» What is expected:
Set the data down again, exactly as it reads, but without the pictures.

» Data below:
****************************************
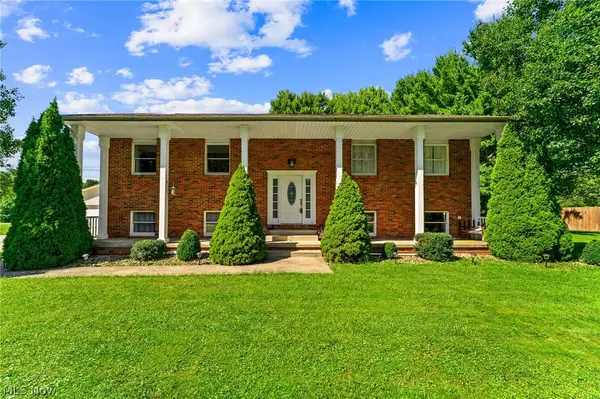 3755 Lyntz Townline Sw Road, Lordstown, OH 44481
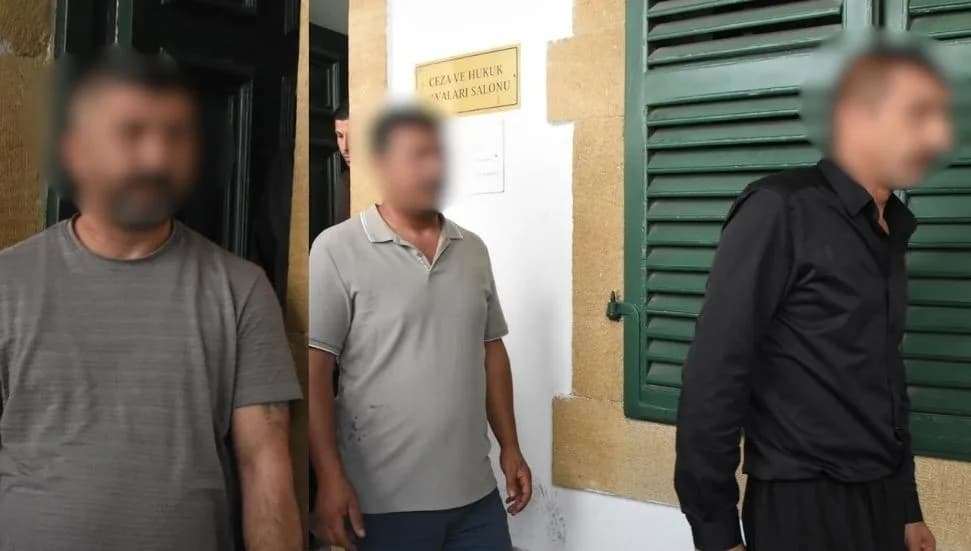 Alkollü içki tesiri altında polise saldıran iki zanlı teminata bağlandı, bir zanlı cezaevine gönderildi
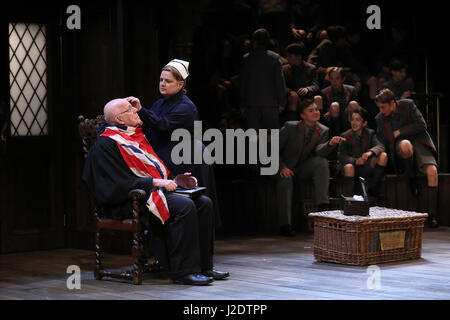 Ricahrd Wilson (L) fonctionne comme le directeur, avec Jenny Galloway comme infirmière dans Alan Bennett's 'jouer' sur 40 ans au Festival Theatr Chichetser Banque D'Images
****************************************
» Answer below:
 3755 Lyntz Townline Sw Road, Lordstown, OH 44481
 Alkollü içki tesiri altında polise saldıran iki zanlı teminata bağlandı, bir zanlı cezaevine gönderildi
 Ricahrd Wilson (L) fonctionne comme le directeur, avec Jenny Galloway comme infirmière dans Alan Bennett's 'jouer' sur 40 ans au Festival Theatr Chichetser Banque D'Images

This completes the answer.